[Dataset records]
########################################

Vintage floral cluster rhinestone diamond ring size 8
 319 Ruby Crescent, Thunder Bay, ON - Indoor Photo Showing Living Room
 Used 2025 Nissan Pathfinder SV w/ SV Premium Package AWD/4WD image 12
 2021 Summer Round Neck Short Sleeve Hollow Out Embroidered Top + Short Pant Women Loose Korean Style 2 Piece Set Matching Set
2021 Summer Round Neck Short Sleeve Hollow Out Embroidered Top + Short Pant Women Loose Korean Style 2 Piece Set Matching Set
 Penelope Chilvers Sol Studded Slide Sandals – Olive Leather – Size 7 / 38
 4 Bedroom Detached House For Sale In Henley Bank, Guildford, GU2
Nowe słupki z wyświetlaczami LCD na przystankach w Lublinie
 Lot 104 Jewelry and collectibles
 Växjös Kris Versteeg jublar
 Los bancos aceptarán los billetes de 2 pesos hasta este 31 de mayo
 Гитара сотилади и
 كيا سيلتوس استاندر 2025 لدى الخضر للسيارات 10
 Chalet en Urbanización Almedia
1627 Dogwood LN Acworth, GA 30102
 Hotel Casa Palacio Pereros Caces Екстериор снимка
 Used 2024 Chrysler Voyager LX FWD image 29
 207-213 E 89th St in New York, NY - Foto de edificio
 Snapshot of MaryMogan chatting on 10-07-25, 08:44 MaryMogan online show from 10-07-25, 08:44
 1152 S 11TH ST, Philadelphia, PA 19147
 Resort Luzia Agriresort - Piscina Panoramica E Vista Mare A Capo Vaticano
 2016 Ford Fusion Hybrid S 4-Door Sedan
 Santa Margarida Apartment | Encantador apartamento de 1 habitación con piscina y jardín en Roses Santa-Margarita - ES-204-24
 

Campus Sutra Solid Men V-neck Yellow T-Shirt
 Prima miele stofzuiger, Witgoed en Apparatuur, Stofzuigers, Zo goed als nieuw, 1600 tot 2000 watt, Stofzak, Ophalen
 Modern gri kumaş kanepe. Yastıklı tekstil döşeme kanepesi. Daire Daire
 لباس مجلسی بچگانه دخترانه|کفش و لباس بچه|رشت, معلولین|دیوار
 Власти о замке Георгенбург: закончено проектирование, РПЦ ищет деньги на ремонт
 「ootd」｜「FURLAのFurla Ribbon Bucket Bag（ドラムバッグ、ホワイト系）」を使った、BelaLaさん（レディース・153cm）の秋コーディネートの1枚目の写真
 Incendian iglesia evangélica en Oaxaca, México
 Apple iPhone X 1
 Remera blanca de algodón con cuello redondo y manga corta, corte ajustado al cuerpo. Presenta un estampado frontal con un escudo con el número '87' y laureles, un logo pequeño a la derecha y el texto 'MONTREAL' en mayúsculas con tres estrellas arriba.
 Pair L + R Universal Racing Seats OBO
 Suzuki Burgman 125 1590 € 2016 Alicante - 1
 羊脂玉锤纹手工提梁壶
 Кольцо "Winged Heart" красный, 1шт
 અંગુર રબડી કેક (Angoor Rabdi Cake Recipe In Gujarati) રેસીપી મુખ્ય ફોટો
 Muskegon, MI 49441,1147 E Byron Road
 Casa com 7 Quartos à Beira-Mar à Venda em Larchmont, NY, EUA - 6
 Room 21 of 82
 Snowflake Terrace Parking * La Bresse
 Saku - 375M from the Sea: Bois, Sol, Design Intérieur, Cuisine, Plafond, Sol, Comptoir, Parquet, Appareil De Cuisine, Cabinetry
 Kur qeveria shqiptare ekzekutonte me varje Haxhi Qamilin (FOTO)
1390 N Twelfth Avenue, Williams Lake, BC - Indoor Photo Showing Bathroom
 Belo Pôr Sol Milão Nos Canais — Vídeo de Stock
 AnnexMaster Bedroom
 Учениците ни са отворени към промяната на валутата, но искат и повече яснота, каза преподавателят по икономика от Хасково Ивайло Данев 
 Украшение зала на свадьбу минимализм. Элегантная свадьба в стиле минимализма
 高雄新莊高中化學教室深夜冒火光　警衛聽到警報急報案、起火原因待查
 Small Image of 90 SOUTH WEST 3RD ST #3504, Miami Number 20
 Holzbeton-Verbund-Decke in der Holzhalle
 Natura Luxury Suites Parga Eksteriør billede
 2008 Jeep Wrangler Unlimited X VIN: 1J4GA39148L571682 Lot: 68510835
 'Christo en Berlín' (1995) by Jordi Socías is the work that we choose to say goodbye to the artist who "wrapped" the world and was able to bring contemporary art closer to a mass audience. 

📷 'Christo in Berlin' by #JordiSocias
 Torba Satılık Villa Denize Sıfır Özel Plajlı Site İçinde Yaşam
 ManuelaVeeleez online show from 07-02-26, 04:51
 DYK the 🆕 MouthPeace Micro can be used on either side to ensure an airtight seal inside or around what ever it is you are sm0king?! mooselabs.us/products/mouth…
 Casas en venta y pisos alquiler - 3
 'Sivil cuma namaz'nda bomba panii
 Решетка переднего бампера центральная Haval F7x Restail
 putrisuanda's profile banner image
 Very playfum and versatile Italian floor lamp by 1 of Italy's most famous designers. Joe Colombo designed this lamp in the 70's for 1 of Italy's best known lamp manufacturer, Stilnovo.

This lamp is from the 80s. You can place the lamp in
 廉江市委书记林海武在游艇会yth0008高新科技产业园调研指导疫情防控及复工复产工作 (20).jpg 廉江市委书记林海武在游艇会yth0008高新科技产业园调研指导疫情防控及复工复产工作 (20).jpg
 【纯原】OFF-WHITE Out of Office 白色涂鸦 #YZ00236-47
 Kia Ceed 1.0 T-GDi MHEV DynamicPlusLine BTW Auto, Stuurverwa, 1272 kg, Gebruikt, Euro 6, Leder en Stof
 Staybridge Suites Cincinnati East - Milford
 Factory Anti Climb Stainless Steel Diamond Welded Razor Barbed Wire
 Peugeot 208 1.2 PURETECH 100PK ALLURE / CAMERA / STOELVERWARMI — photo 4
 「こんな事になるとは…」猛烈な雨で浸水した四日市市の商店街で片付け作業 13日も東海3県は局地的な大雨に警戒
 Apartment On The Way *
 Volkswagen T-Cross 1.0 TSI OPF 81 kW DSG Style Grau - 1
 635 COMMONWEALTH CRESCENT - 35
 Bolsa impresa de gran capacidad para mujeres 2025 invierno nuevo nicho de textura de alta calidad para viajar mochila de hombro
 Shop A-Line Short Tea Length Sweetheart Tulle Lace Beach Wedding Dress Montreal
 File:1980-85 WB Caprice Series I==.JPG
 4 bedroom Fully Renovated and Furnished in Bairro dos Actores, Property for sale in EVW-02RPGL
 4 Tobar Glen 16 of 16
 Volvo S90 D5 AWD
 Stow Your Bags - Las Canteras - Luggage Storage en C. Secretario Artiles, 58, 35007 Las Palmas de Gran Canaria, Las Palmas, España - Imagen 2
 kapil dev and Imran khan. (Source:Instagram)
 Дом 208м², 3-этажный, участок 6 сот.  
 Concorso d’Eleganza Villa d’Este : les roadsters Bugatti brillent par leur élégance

########################################

● TASK DIRECTIONS
Copy out only the lines above from the one with "અંગુર રબડી કેક" to the one with "Решетка переднего бампера", inclusive, exactly as they stand.

● WRITTEN ANSWER
 અંગુર રબડી કેક (Angoor Rabdi Cake Recipe In Gujarati) રેસીપી મુખ્ય ફોટો
 Muskegon, MI 49441,1147 E Byron Road
 Casa com 7 Quartos à Beira-Mar à Venda em Larchmont, NY, EUA - 6
 Room 21 of 82
 Snowflake Terrace Parking * La Bresse
 Saku - 375M from the Sea: Bois, Sol, Design Intérieur, Cuisine, Plafond, Sol, Comptoir, Parquet, Appareil De Cuisine, Cabinetry
 Kur qeveria shqiptare ekzekutonte me varje Haxhi Qamilin (FOTO)
1390 N Twelfth Avenue, Williams Lake, BC - Indoor Photo Showing Bathroom
 Belo Pôr Sol Milão Nos Canais — Vídeo de Stock
 AnnexMaster Bedroom
 Учениците ни са отворени към промяната на валутата, но искат и повече яснота, каза преподавателят по икономика от Хасково Ивайло Данев 
 Украшение зала на свадьбу минимализм. Элегантная свадьба в стиле минимализма
 高雄新莊高中化學教室深夜冒火光　警衛聽到警報急報案、起火原因待查
 Small Image of 90 SOUTH WEST 3RD ST #3504, Miami Number 20
 Holzbeton-Verbund-Decke in der Holzhalle
 Natura Luxury Suites Parga Eksteriør billede
 2008 Jeep Wrangler Unlimited X VIN: 1J4GA39148L571682 Lot: 68510835
 'Christo en Berlín' (1995) by Jordi Socías is the work that we choose to say goodbye to the artist who "wrapped" the world and was able to bring contemporary art closer to a mass audience. 

📷 'Christo in Berlin' by #JordiSocias
 Torba Satılık Villa Denize Sıfır Özel Plajlı Site İçinde Yaşam
 ManuelaVeeleez online show from 07-02-26, 04:51
 DYK the 🆕 MouthPeace Micro can be used on either side to ensure an airtight seal inside or around what ever it is you are sm0king?! mooselabs.us/products/mouth…
 Casas en venta y pisos alquiler - 3
 'Sivil cuma namaz'nda bomba panii
 Решетка переднего бампера центральная Haval F7x Restail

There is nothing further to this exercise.